John 1:26 is the twenty-sixth verse in the first chapter of the Gospel of John in the New Testament of the Christian Bible.

==Content==
In the original Greek according to Westcott-Hort, this verse is:
Ἀπεκρίθη αὐτοῖς ὁ Ἰωάννης λέγων, Ἐγὼ βαπτίζω ἐν ὕδατι· μέσος δὲ ὑμῶν ἕστηκεν ὃν ὑμεῖς οὐκ οἴδατε.

In the King James Version of the Bible the text reads:
John answered them, saying, I baptize with water: but there standeth one among you, whom ye know not;

The New International Version translates the passage as:
"I baptize with water," John replied, "but among you stands one you do not know".

==Analysis==
Lapide comments on John's words, "there standeth one, etc." stating that it is as if John said, "Christ is living in the midst of you, and yet you do not know Him. That is, you see him as a mere man and do not perceive that he is the Messiah."

D. A. Carson notes that the emphatic "I baptize with water" (v.26) might lead the unwary reader, recalling the Synoptic parallels (; ), to expect the "I" to serve merely as a foil for the one who will baptize in the Holy Spirit. The Baptist does make that point later (v.33), but Carson argues that here he takes the authority question raised by the Pharisees and immediately turns it into a matter of bearing witness to the hidden Messiah. His baptism is designed to prepare the people for Jesus.
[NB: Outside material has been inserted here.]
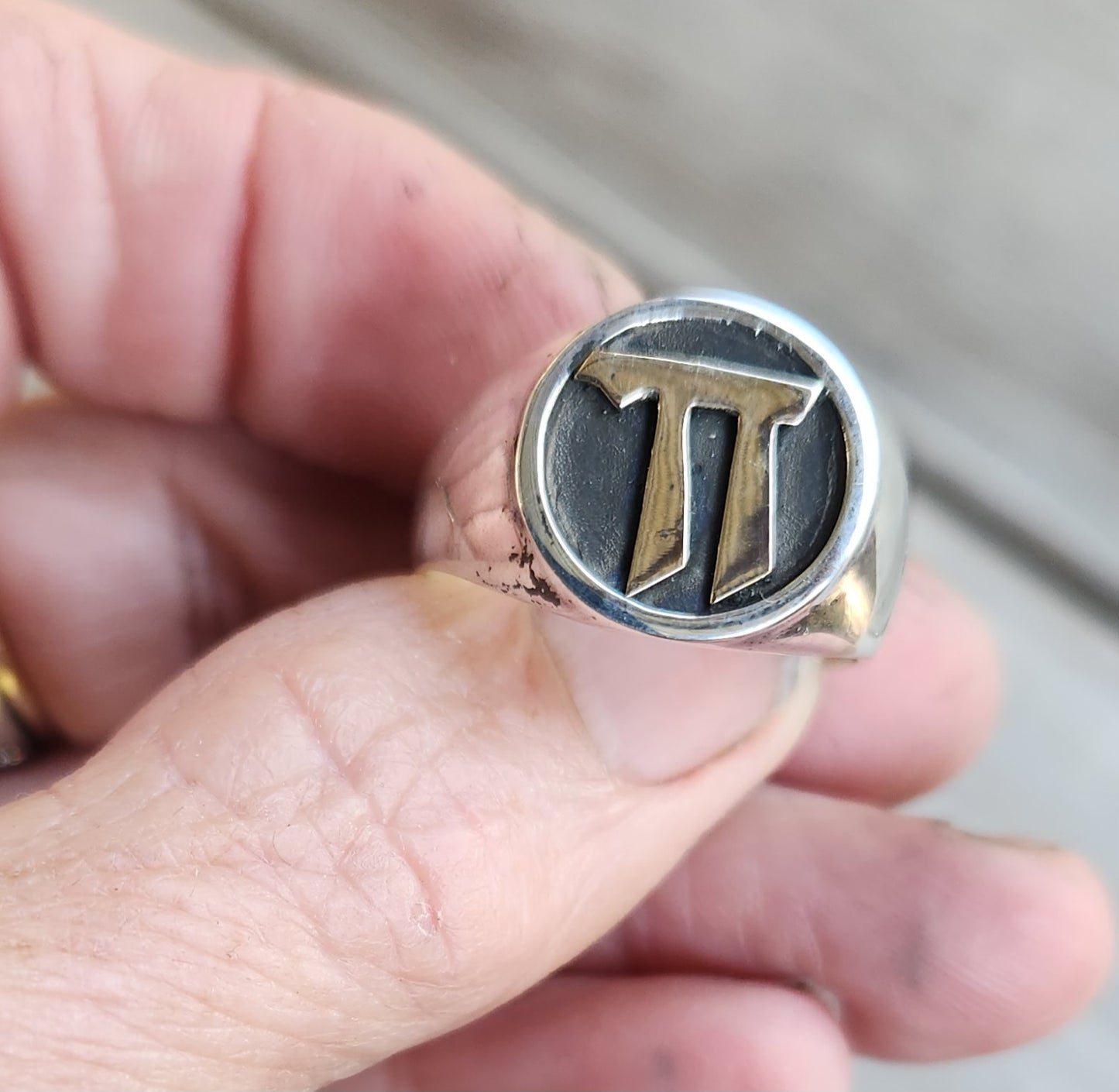 Gold chai signet ring 9k symbol on sterling silver band, Jewish "life"symbol,Hebrew vitality, good luck, spiritual, handmade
Carson adds that the Baptist is aware of the genuine authority he holds and will shortly speak of "the one who sent me to baptize" (v.33), that is, God. Therefore whatever stature entitles him to say "I baptize with water" is small in comparison with the stature of one who still stands unrecognised among the people, "one you do not know".

Craig S. Keener observes that the interlocutors' failure to "know" the one among them (οὐκ οἴδατε) links them with the unbelieving world of the prologue, which likewise "knew him not" (οὐκ ἔγνω). The same lack of recognition recurs in the following narrative. Against this failure Keener sets (οὐκ ᾔδειν), where the Spirit enables the Baptist, and by extension others, to recognise the one his questioners cannot.

On the water imagery, Keener notes that in ancient agrarian society water lent itself to a wide figurative range, serving as a symbol for life and, in some hands, for oracular speech. Philo read the four rivers of Genesis as the four virtues flowing from the divine word, and both he and Ben Sira depict divine Wisdom as water, as do later rabbinic texts for Wisdom, Torah, and teaching. Keener observes in this, John's Gospel, the Spirit with water are often compared.

==Commentary from the Church Fathers==
Gregory the Great: "A saint, even when perversely questioned, is never diverted from the pursuit of goodness. Thus John to the words of envy opposes the words of life: John answered them, saying, I indeed baptize with water."

Gregory the Great: "John baptizeth not with the Spirit, but with water; not being able to remit sins, he washes the bodies of the baptized with water, but not their souls with pardon. Why then doth he baptize, when he doth not remit sins by baptism? To maintain his character of forerunner. As his birth preceded our Lord’s, so doth his baptism precede our Lord’s baptism. And he who was the forerunner of Christ in His preaching, is forerunner also in His baptism, which was the imitation of that Sacrament. And withal he announces the mystery of our redemption, saying that He, the Redeemer, is standing in the midst of men, and they know it not: There standeth one among you, whom ye know not: for our Lord, when He appeared in the flesh, was visible in body, but in majesty invisible."

Origen: "For how would the question, Why then baptizest thou, be replied to in any other way, than by setting forth the carnal nature of his own baptism?"

Augustine: "In His low estate He was not seen; and therefore the candle was lighted."

Theophylact of Ohrid: "Or it was, that our Lord was in the midst of the Pharisees; and they not knowing Him. For they thought that they knew the Scriptures, and therefore, inasmuch as our Lord was pointed out there, He was in the midst of them, i. e. in their hearts. But they knew Him not, inasmuch as they understood not the Scriptures. Or take another interpretation. He was in the midst of them, as mediator between God and man, wishing to bring them, the Pharisees, to God. But they knew Him not."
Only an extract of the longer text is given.